Süddeutsche Zeitung - Rezension
Süddeutsche Zeitung | Besprechung von 08.12.2007

Unser basaltlustiges Vaterland
Jetzt endlich dokumentiert: Mit zwanzig unternahm Alexander von Humboldt eine naturhistorische Reise durch den Westen Deutschlands
In einer autobiographischen Skizze hat Alexander von Humboldt nur lapidar über seine erste größere Reise ohne vormundschaftliche Aufsicht berichtet. 1789, im Alter von zwanzig Jahren, „bereiste ich mit Steven van Geuns den größten Teil des westlichen Deutschland”. Geologische Erfahrungen während dieser Exkursion verarbeitete er in seinem ersten, 1790 anonym veröffentlichten Buch: „Mineralogische Beobachtungen über einige Basalte am Rhein”. Auch in seinen Jugendbriefen finden sich nur knappe Hinweise auf den zwei Jahre älteren Studienfreund an der Göttinger Universität, mit dem er diese „Naturhistorische Reise” vom 24. September bis zum 31. Oktober 1789 unternommen hat. Sie führte von Göttingen über Marburg, Frankfurt und Heidelberg bis Mannheim, durch die Pfalz, dann längs des Rheins und durch Westfalen zurück nach Göttingen. Ein „vortrefflicher Botaniker” habe ihn begleitet, berichtete Humboldt einem Freund, und er plane, sein eigenes Reisejournal auszuarbeiten. Leider ist es schon zu seinen Lebzeiten verlorengegangen.

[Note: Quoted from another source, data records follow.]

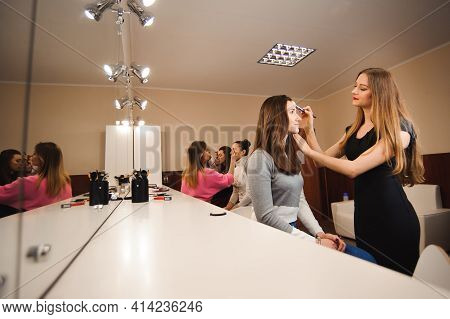 Make Up Artist Doing Professional Make Up Of Young Woman. Beauty Shcool.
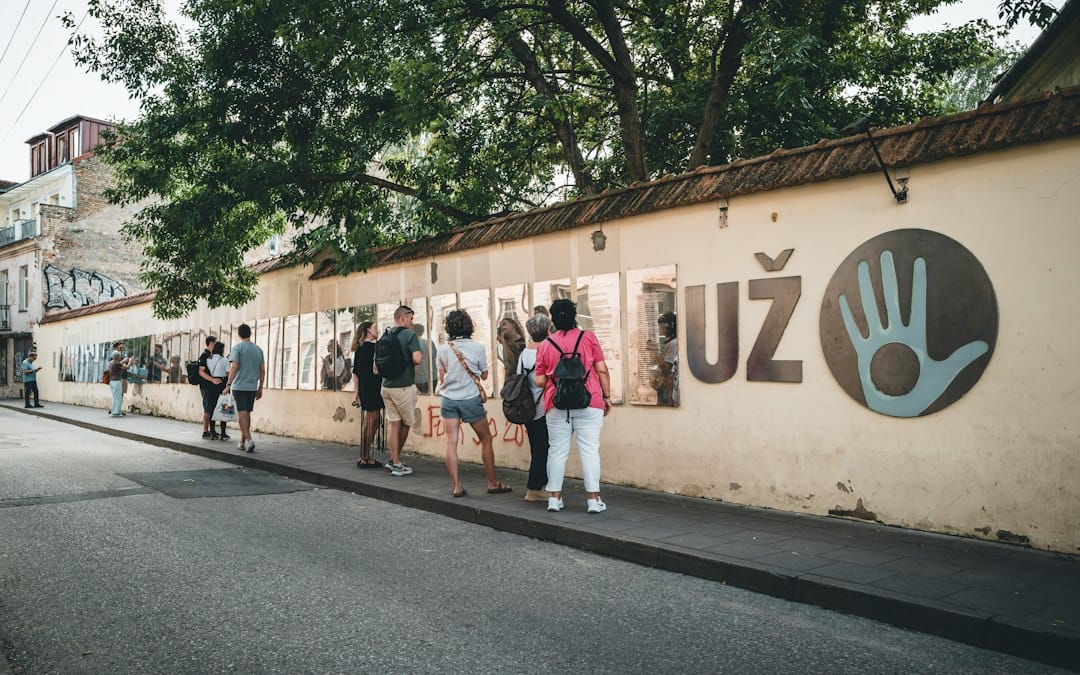 A street wall in the Uzupis district of Vilnius with the UZ symbol and open-air photo gallery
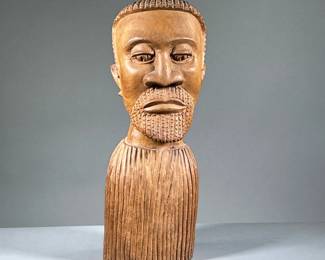 LARGE WOODEN BUST | Hand-carved wooden bust of a man's head. - l. 7 x w. 7 x h. 21 in.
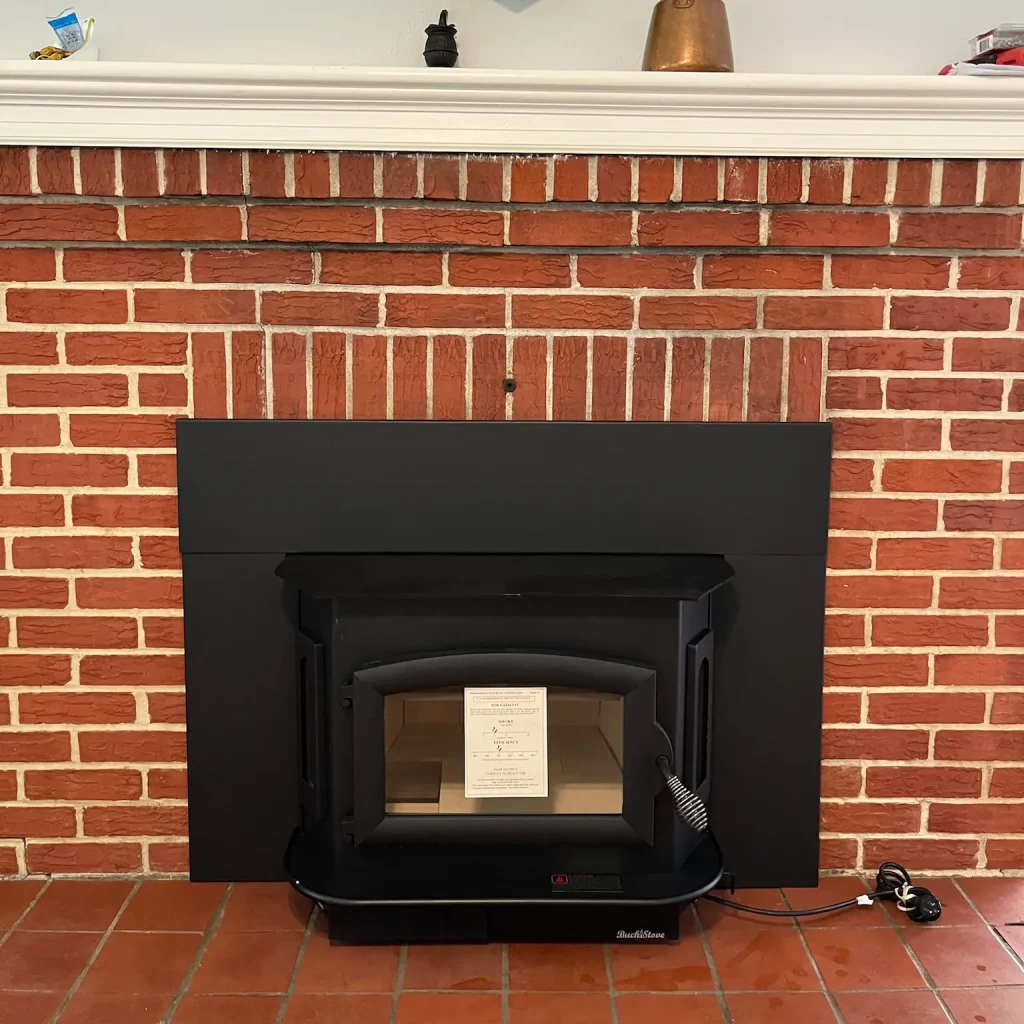 Wood stove installation in Virginia Beach by Premier Chimney and Roofing.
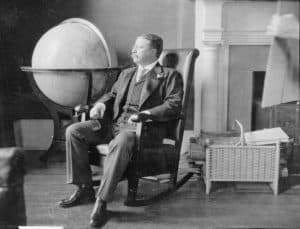 Theodore Roosevelt sitting on a rocking chair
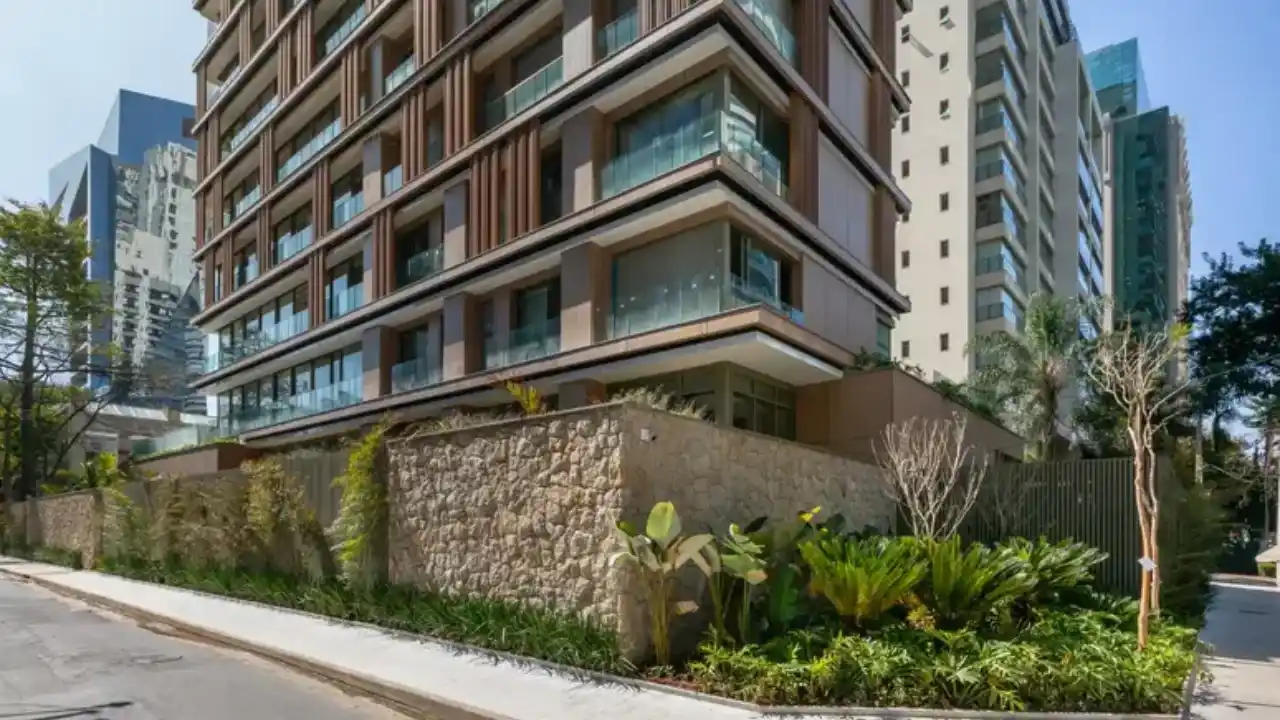 Fachada de empreendimento imobiliário residencial de alto padrão da Helbor, com varandas de vidro, acabamento moderno e paisagismo na calçada com muro de pedras no bairro Itaim Bibi, São Paulo.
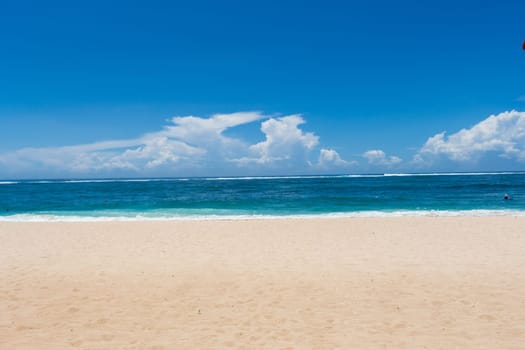 Beautiful secluded sandy beach in the Caribbean with white sand and blue sky as in paradise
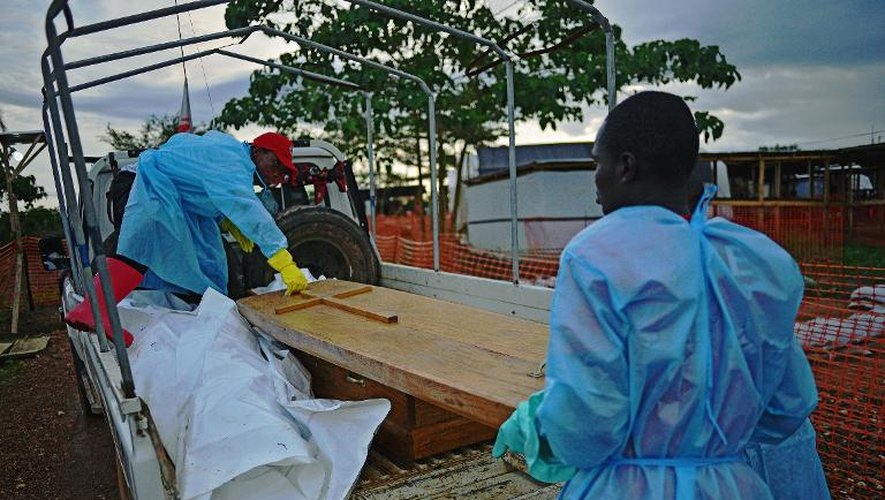 Le cercueil du docteur Modupeh Cole, médecin sierra-léonais décédé de la fièvre Ebola, aux côtés de deux corps enveloppés dans des sacs, le 14 août 2014 dans le centre de Médecins sans Frontières (MSF) à Kailahun, dans l'est du pays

Es war deshalb ein glücklicher Zufall, dass einem deutschen Wissenschaftlerteam unter Leitung von Bernd Kölbel 1998 das Reisetagebuch von Steven Jan van Geuns zur Bearbeitung vorgeschlagen und zugänglich gemacht wurde. Eigentlich suchte man nur Quellenmaterial zu Humboldts frühen geologischen und ökologischen Arbeiten. Dass sich das Tagebuch des holländischen Mediziners und Botanikers, der bereits 1795, kurz nach seiner Berufung zum Professor der Chemie an die Akademie Utrecht, im Alter von 27 Jahren an Typhus starb, in dieser Hinsicht als eine wahre Fundgrube erweisen würde, konnte man nicht ahnen. Zwar war seine Existenz seit einigen Jahren bekannt, und die Biologiehistorikerin und Geuns-Biographin Lucie Terken hatte es schon 1980 für ihre Arbeiten benutzen können. Doch erst jetzt liegt es in einer zweisprachigen Ausgabe als „Tagebuch einer Reise mit Alexander von Humboldt” vor, durch umfangreich und detailliert recherchierte Informationen erläutert und durch eine Reihe ausgewählter Briefe ergänzt, wobei vor allem die ausführlichen Berichte des jungen van Geuns an seine Eltern eine persönlich reizvolle Ergänzung bieten.
In einer autobiographischen Skizze hat Humboldt 1806, nach seiner großen Amerikareise (1799-1804), darauf hingewiesen, dass er zusammen mit van Geuns an den Ufern des Rheins vor allem die Basalte studiert habe, „über deren Neptunismus man dann so viel diskutiert hat”. Strittig dabei war die naturgeschichtliche Frage, ob die gesamte Gesteinswelt durch Ablagerung fester Stoffe aus einem einst weltumfassenden Meer entstanden sei, wie die „Neptunisten” annahmen, oder ob sie sich, wie die „Vulkanisten” meinten, als Erstarrungen flüssiger glühender Massen gebildet habe, die noch immer das Innere des Erdkörpers ausfüllten und sich gelegentlich vulkanisch ihren Weg durch die Erdkruste bahnten.
Heiße Erde, kühler Wein
Dieser Vulkanismusstreit hat die Gemüter erhitzt. Die Geschichte der Erde war zu einem heiß umstrittenen Forschungsproblem geworden, das nicht nur die Fachleute, sondern die breite Öffentlichkeit interessierte. Dabei spielten spekulative Vermutungen, dogmatische Weltanschauungen, biblische Glaubensgewissheiten, aber auch charakterliche Mentalitäten eine große Rolle. So war es etwa für den überzeugten Neptunisten Goethe ganz unmöglich, die feste Gesteinsbasis in Frage zu stellen, die sich ihm zufolge in folgerichtiger Beruhigung aus dem einst wasserbedeckten Erdboden entwickelt habe. Nur auf ihr fand er sicheren Halt, und er konnte sich deshalb auch absolut nicht mit der Neigung seines Freundes Humboldt zum Vulkanismus einverstanden erklären – dieser chaotischen Feuerwelt und ungeheuerlich wilden Polterkammer, die nur einem Teufel gefallen könne.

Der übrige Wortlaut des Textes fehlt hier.